PROBLEM STATEMENT:
All the lines below need to be output exactly, apart from any images.

PROVIDED DATA:
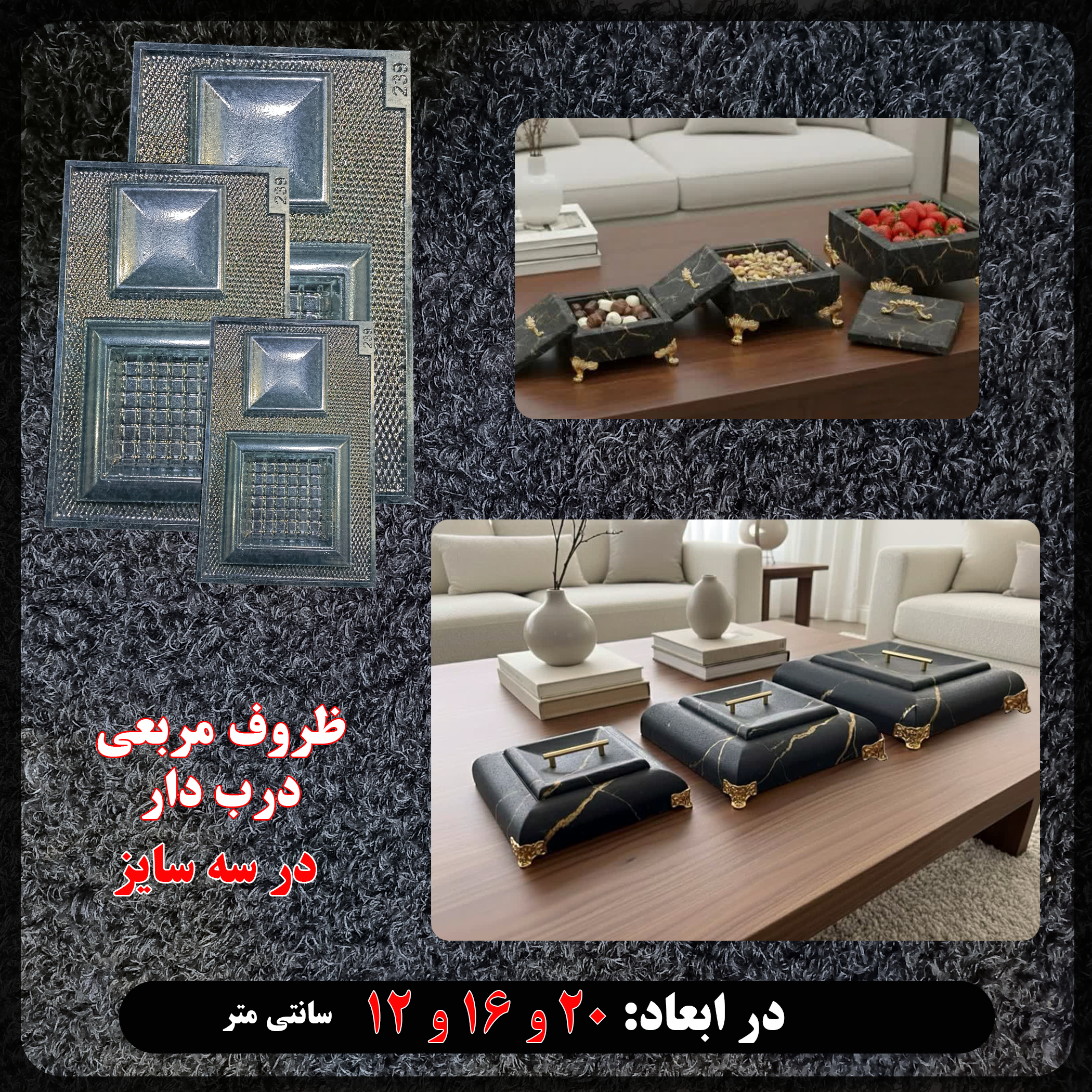 قالب طلقی ست مربعی دربدار سایز3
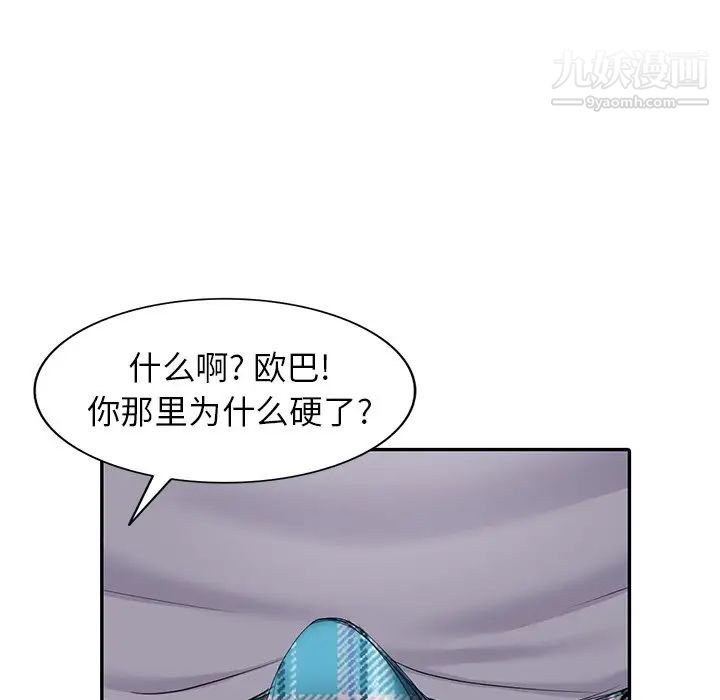 92.jpg
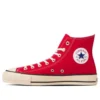 Chuck Taylor All Star J Yüksek Bilekli “Kırmızı”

REPLY TO THE TASK:
 قالب طلقی ست مربعی دربدار سایز3
 92.jpg
 Chuck Taylor All Star J Yüksek Bilekli “Kırmızı”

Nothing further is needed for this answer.